Economic analyses reach different conclusions, largely depending on what they assume about how readily capital and workers can move among industries and across borders. Some of the tax almost certainly falls on investors, since they can push the tax onto others only by moving to less profitable but untaxed activities (which pay more net of taxes) or raising prices and selling less. The question is how much and how quickly factors adjust to the tax.

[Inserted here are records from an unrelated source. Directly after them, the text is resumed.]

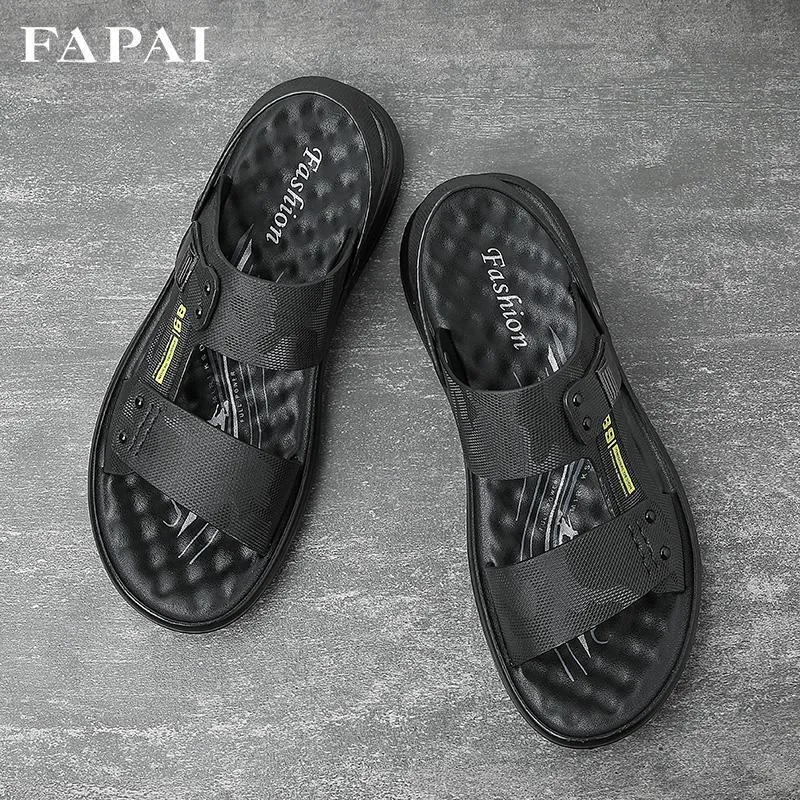 FAPAI Beach Sandals Men's Black-5
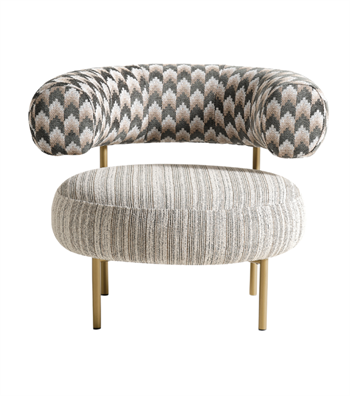 Pietro Armchair Green with Antique Brass Finish Metal Legs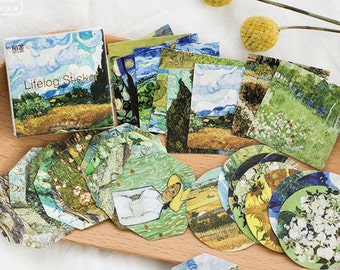 45 PCS, Van Gogh stickers, Painting sticker, Oil Painting sticker, Artist sticker, Impressionist, Vincent Van Gogh, Lifelog 39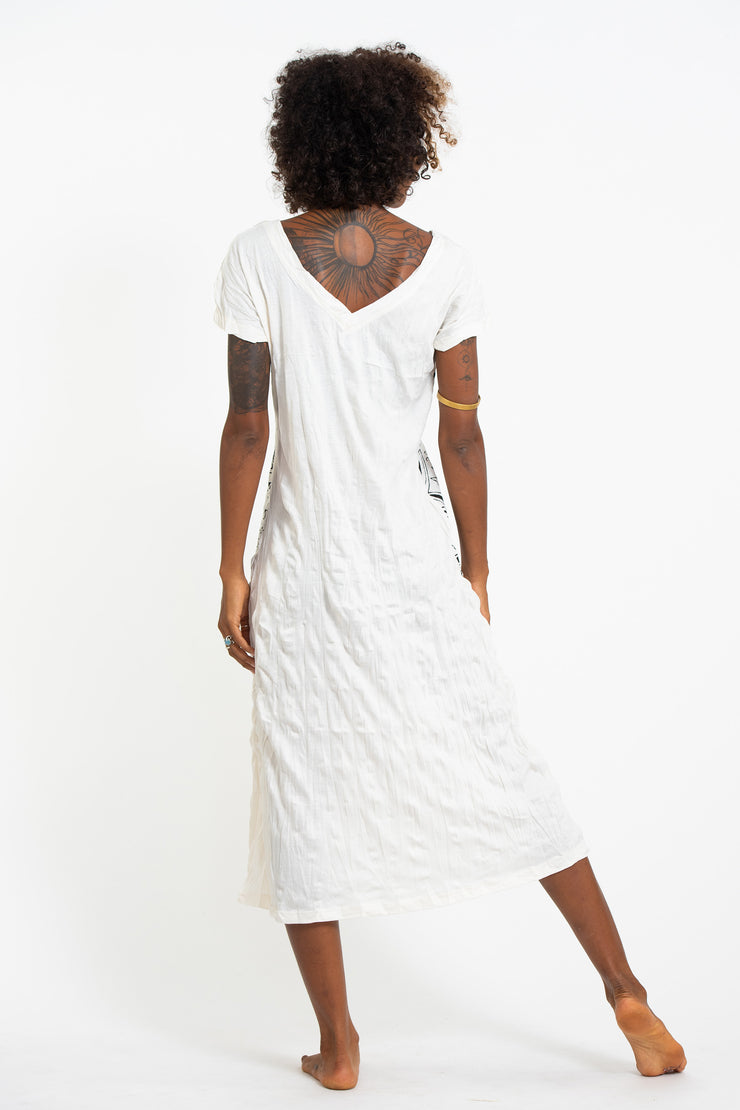 Womens Magic Mushroom V Neck Long Dress in White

If capital can shift readily from taxed to untaxed businesses—but workers can’t—much of the tax would likely fall on those workers. That’s more likely when capital moves across national borders, making it harder for workers to follow. In a 2006 Congressional Budget Office analysis, Bill Randolph found that international capital mobility could result in American workers bearing 70 percent of U.S. corporate taxes. Other studies have found even higher shares falling on workers. Kevin Hassett and Aparna Mathur, for example, showed that wages could actually fall by more than the amount of the tax increase, suggesting that workers bear more than 100 percent of the burden.

By contrast, a more recent CBO study by Jennifer Gravelle reviewed four papers looking at corporate tax incidence. Applying reasonable estimates of how economic activity changes in response to market changes (what economists refer to as “elasticities”), Gravelle found that the owners of capital likely bear well over half of the corporate tax, particularly in the short run when capital cannot move much. And she argues that the long run—when mobility is greatest—could be very long.

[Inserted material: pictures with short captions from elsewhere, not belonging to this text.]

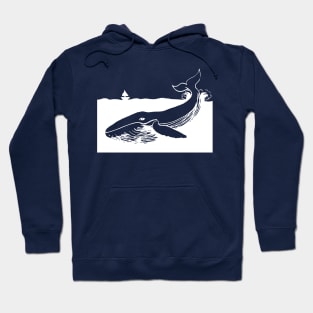 Whale in white ink Hoodie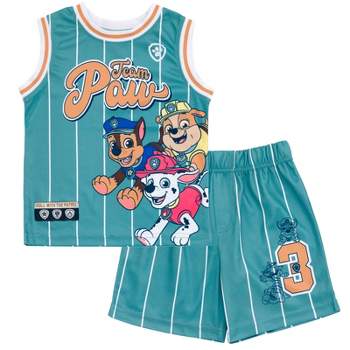 PAW Patrol Chase Marshall Rubble Mesh Jersey Tank Top and Basketball Shorts Athletic Outfit Set Toddler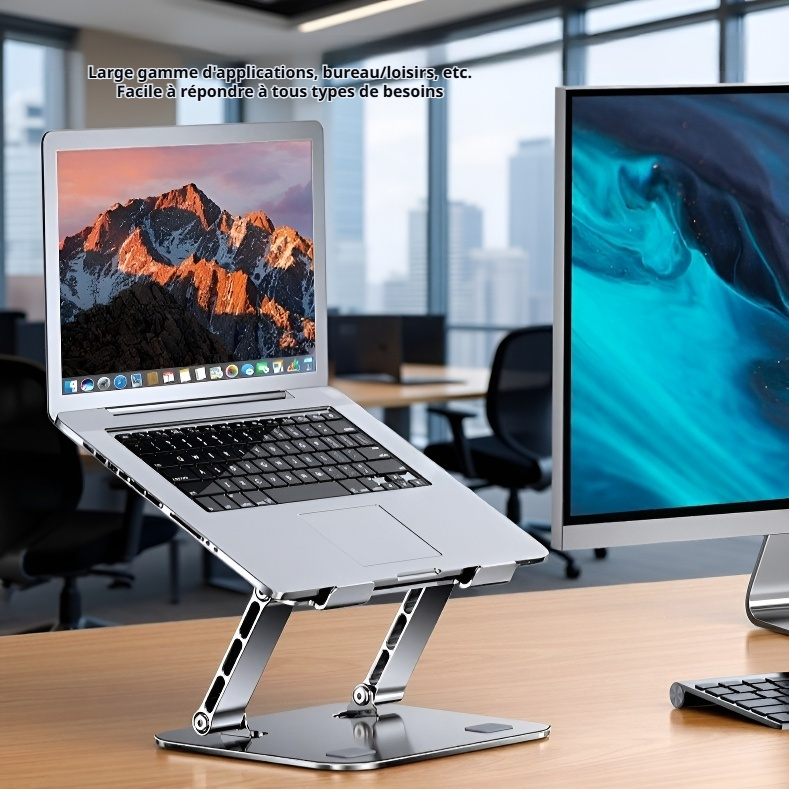 Support d’ordinateur en acier carbone, pliable, surélevé, pour bureau, avec ventilation
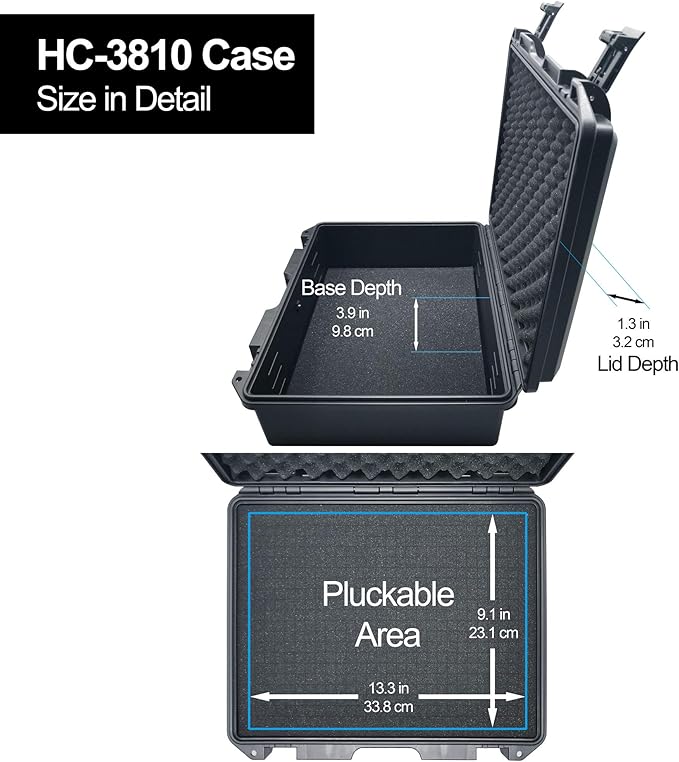 Lykus HC-3810 Waterproof Hard Case with Customizable Foam Insert, Interior Size 14.96x11.02x5.3 in, Suitable for camera,lens,drone,mic,flashlight,telescope,action cam,electronics,tools,and more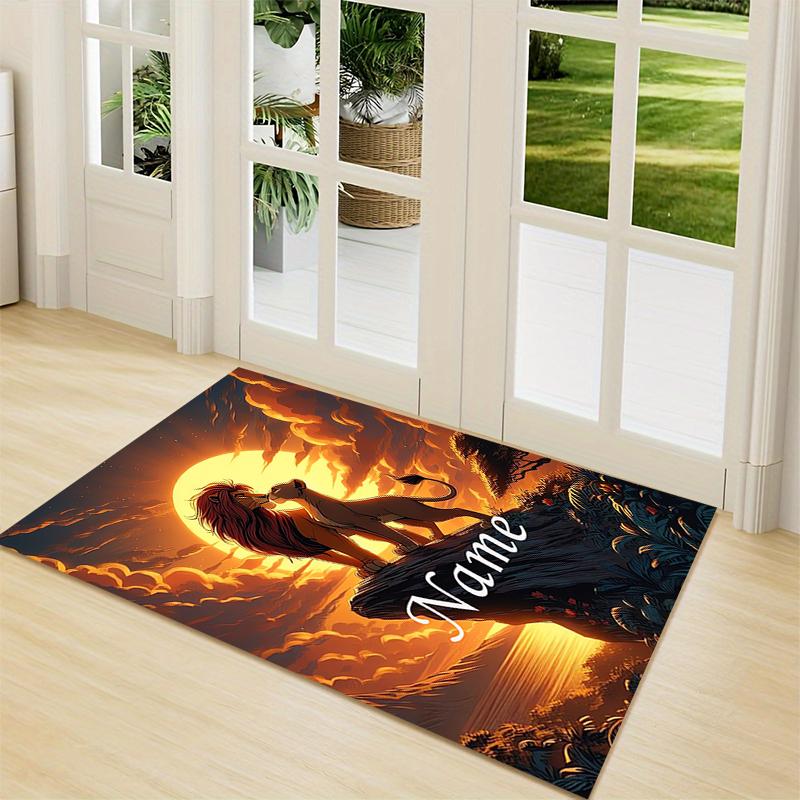 Custom Name Lion Sunset Majesty Carpet Rug Customizable Soft Washable Anti-Slip Home Living Room Sofa Mats Personalized Rug. 0909306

The Tax Policy Center’s model assigns the full cost of the corporate tax to owners of capital, but that assumption is far from settled. Future work may lead to different conclusions.

Regardless of what economists conclude about the burden of the corporate tax, however, Romney was right in his unspoken assertion: Corporations may write the check, but it’s people who ultimately pay corporate taxes.

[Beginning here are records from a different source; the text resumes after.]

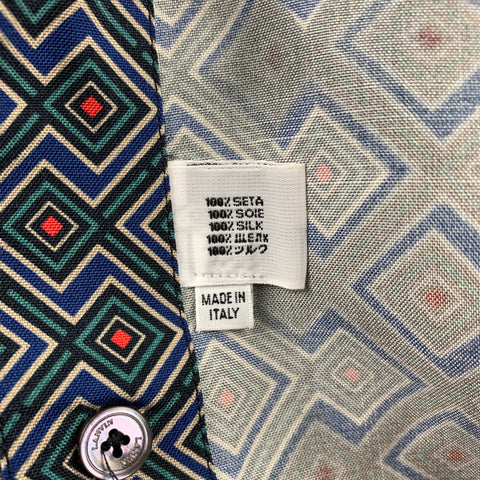 LANVIN Size M Navy & Blue Geometric Button Up Long Sleeve Shirt
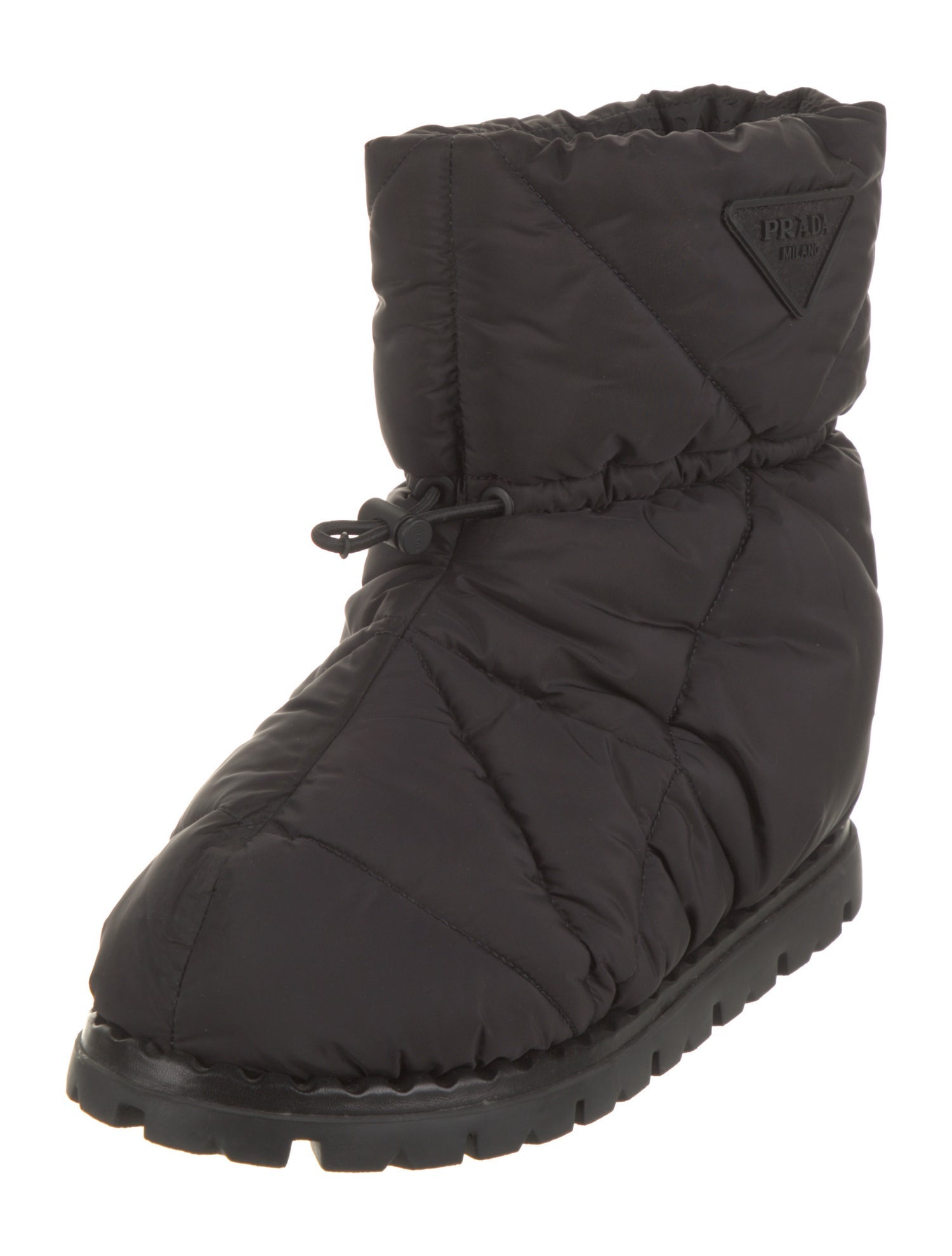 Prada Nylon Lace-Up Boots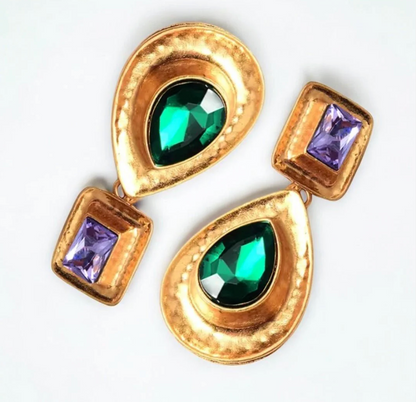 Elegant Teardrop Rhinestone Earrings – Gold Crystal Drop Statement - Fatisha Boutique #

  1. denim  ::  5:10 pm on August 12th, 2011:

    “Corporations may write the check, but it’s people who ultimately pay corporate taxes.”
    And that “pass it on to the customer” is the best way because the end customer now has a way to avoid paying that tax by just not buying the product. The company can lobby for a tax cut better than the customer can.

  2. Michael Bindner  ::  10:14 pm on August 12th, 2011:

    No one is really talking about raising taxes on corporations – but rather reducing loopholes and cutting rates. Taxing corporations does far less damage to workers than does cutting the tax rates for dividends and high income individuals. These tax cuts give an incentive to management to exact productivity gains from employees – not by increasing technical efficiency but by offshoring jobs and demanding wage cuts. This is justified as being in the interests of shareholders – however shareholders usually receive a normal return and the lions share of the benefit goes to the executive suite. Higher taxes reduce that incentive.

    It is no accident that the fortunes of the working class began to change with the Reagan tax cuts, with every succeeding round of reductions forcing workers to rely on ever increasing levels of debt to keep up their standard of living.

    Corporate tax cuts are all well and good, provided that they are accompanied by individual tax increases so that repatriated funds are taxed at permanent normal income rates of 39.6%, not the 15% dividend rate now in force.

    In the long term, unions must work toward more employee ownership and union control over where their employees work (unlike the deal cut to let Fiat control Chrylser rather than the UAW which holds most of the stock). Only the prospect of union control over management pay will force the management caste to accept tax rates adequate to prevent the continued and deliberate destruction of the middle class.